**EXERCISE GOAL**
In the entries below, find the line containing "Or probably when" and the line containing "It's kind of". Copy those two lines and everything between them exactly, without the pictures.
= = =
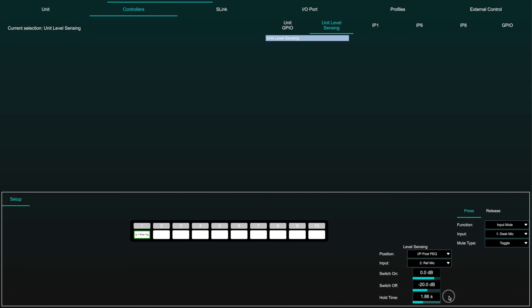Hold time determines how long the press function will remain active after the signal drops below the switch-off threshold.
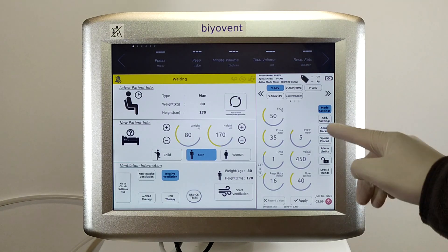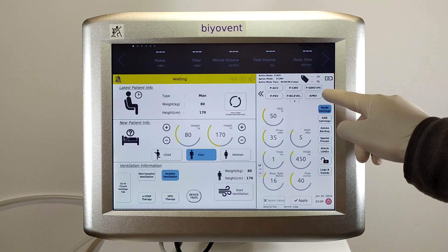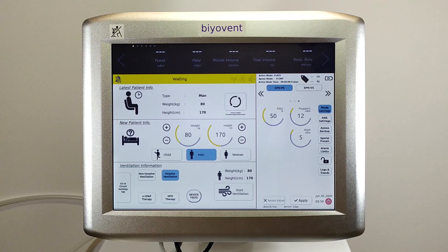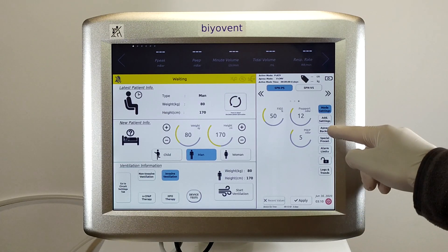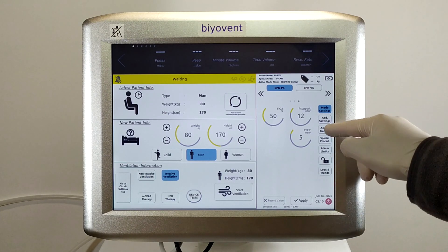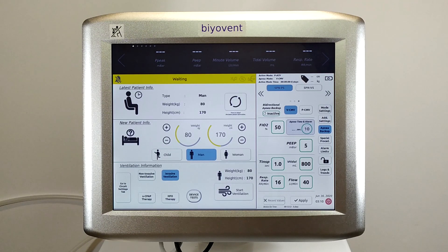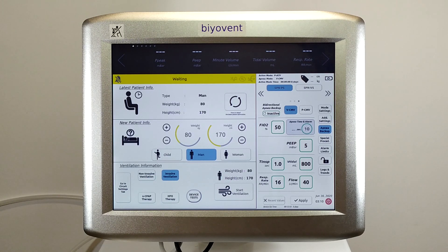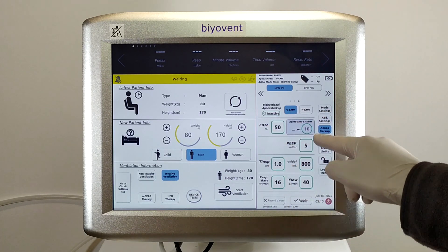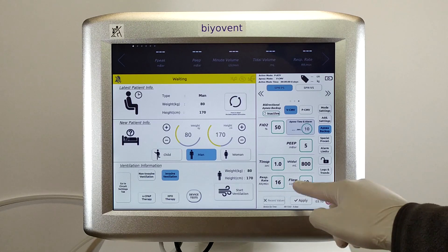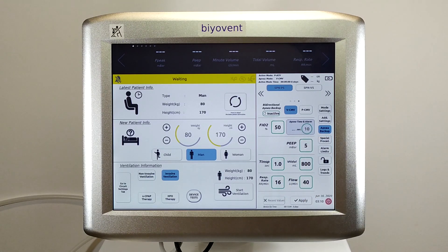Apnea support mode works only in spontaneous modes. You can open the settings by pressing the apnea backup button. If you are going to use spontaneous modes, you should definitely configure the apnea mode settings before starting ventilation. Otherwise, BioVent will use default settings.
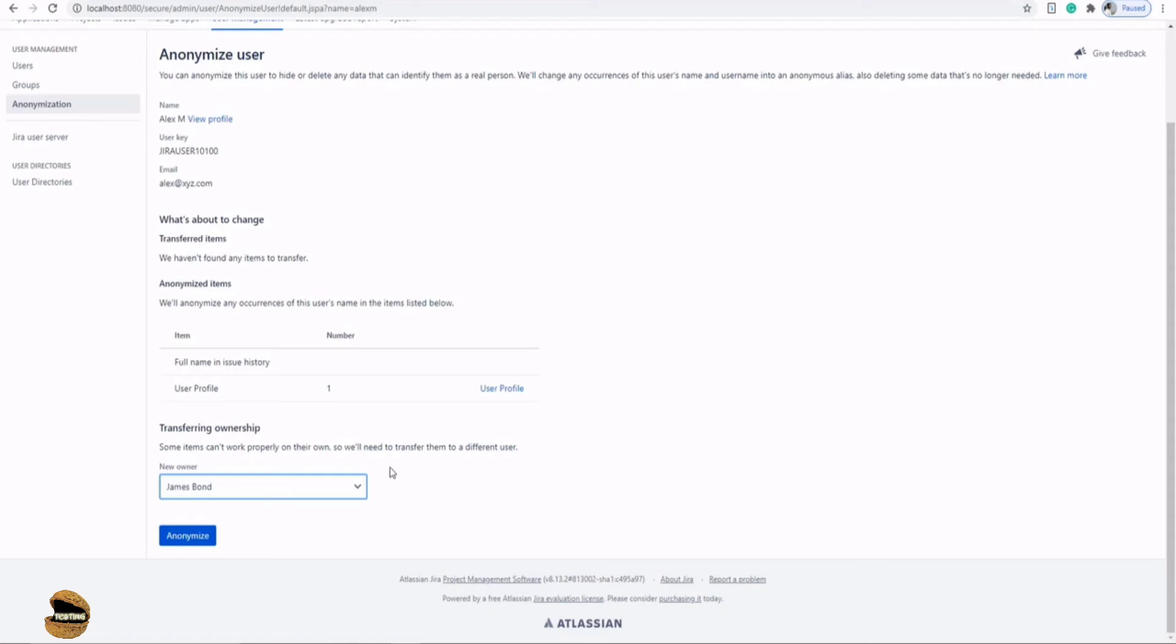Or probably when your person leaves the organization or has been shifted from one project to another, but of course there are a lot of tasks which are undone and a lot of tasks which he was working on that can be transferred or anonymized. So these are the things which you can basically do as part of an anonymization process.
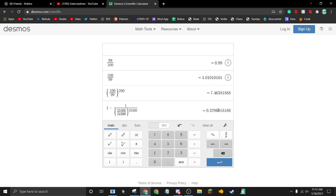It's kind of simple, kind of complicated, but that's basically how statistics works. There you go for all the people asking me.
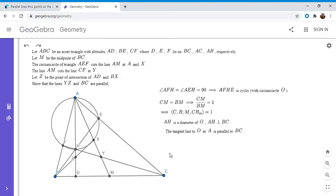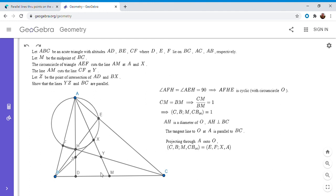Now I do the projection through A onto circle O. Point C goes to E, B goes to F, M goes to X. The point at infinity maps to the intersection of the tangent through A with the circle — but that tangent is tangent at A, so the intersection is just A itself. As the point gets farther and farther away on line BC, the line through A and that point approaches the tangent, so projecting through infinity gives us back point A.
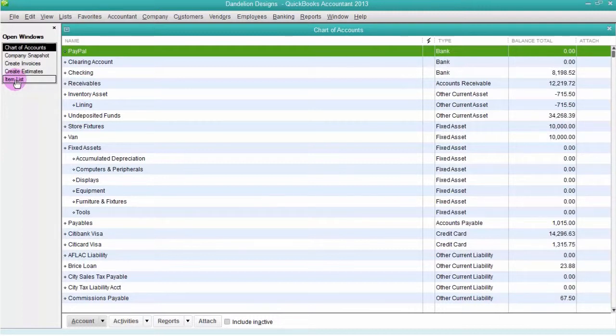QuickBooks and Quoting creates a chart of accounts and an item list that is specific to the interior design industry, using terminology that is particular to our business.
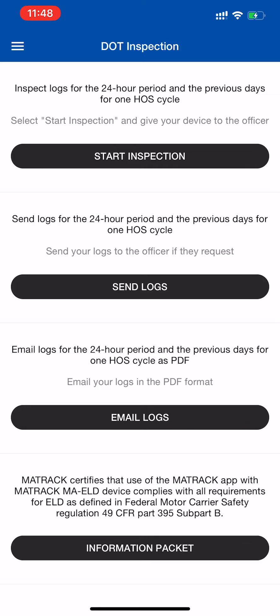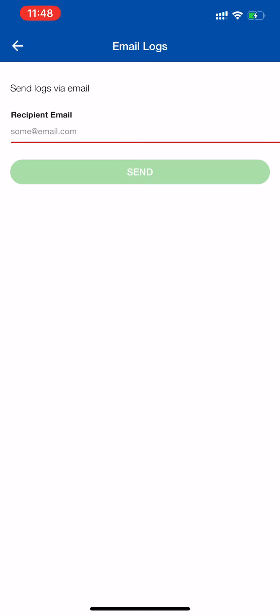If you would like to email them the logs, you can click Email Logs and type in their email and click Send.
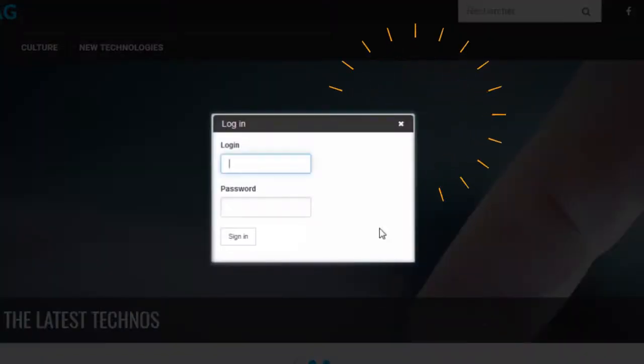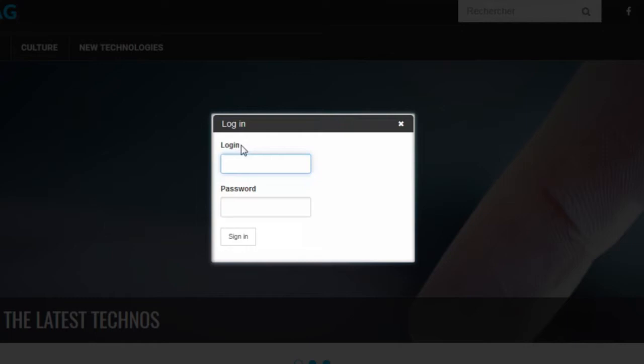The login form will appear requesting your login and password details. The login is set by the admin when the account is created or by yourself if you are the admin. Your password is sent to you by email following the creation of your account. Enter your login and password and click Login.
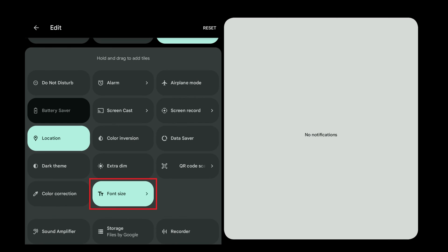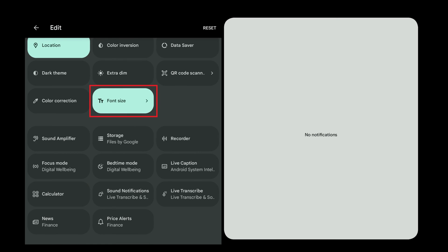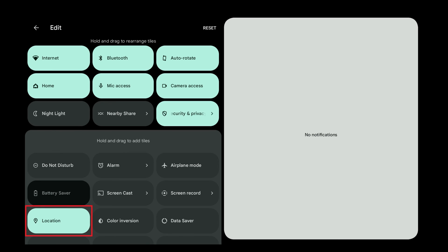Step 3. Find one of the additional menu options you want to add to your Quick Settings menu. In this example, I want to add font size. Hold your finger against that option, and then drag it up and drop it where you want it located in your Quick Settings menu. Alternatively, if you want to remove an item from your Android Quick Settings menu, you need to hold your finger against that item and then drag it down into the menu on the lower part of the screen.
= = =
**ANSWER BELOW**
Or probably when your person leaves the organization or has been shifted from one project to another, but of course there are a lot of tasks which are undone and a lot of tasks which he was working on that can be transferred or anonymized. So these are the things which you can basically do as part of an anonymization process.
It's kind of simple, kind of complicated, but that's basically how statistics works. There you go for all the people asking me.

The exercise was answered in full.